> [Stored data]
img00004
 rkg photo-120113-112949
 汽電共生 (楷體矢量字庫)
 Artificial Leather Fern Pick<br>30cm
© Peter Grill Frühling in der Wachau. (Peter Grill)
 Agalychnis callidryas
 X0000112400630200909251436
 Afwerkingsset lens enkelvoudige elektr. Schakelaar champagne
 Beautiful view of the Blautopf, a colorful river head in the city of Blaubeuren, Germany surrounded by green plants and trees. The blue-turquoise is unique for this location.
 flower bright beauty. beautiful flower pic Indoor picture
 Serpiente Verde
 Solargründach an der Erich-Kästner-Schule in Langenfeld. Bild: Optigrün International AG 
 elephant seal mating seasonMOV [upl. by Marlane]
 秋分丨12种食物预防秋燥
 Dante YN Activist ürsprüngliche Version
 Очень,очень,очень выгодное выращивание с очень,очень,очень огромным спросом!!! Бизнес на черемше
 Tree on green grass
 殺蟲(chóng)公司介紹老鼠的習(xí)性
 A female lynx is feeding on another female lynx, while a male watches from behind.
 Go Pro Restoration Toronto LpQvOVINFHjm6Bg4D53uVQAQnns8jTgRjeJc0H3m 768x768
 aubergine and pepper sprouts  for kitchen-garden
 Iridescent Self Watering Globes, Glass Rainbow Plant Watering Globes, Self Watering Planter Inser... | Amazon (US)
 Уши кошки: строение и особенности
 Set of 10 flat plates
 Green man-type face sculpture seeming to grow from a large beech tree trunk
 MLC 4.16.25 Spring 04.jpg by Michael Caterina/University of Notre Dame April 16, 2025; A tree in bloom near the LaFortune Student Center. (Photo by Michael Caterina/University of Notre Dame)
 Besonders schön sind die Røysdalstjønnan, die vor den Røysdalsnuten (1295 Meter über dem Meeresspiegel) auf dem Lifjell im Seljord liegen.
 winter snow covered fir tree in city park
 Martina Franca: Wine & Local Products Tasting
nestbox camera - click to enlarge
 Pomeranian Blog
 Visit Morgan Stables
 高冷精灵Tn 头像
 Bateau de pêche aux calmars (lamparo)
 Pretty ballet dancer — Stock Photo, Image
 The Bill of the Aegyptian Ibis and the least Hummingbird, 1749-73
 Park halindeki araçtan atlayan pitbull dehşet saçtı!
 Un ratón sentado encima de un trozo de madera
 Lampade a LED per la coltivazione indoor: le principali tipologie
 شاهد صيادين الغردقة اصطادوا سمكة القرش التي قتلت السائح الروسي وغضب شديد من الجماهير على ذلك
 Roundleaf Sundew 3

> [What is expected]
Look back at the entries above and repeat, unchanged, every line from the line holding "Afwerkingsset lens enkelvoudige" through the line holding "Beautiful view of".

> [Completed task]
 Afwerkingsset lens enkelvoudige elektr. Schakelaar champagne
 Beautiful view of the Blautopf, a colorful river head in the city of Blaubeuren, Germany surrounded by green plants and trees. The blue-turquoise is unique for this location.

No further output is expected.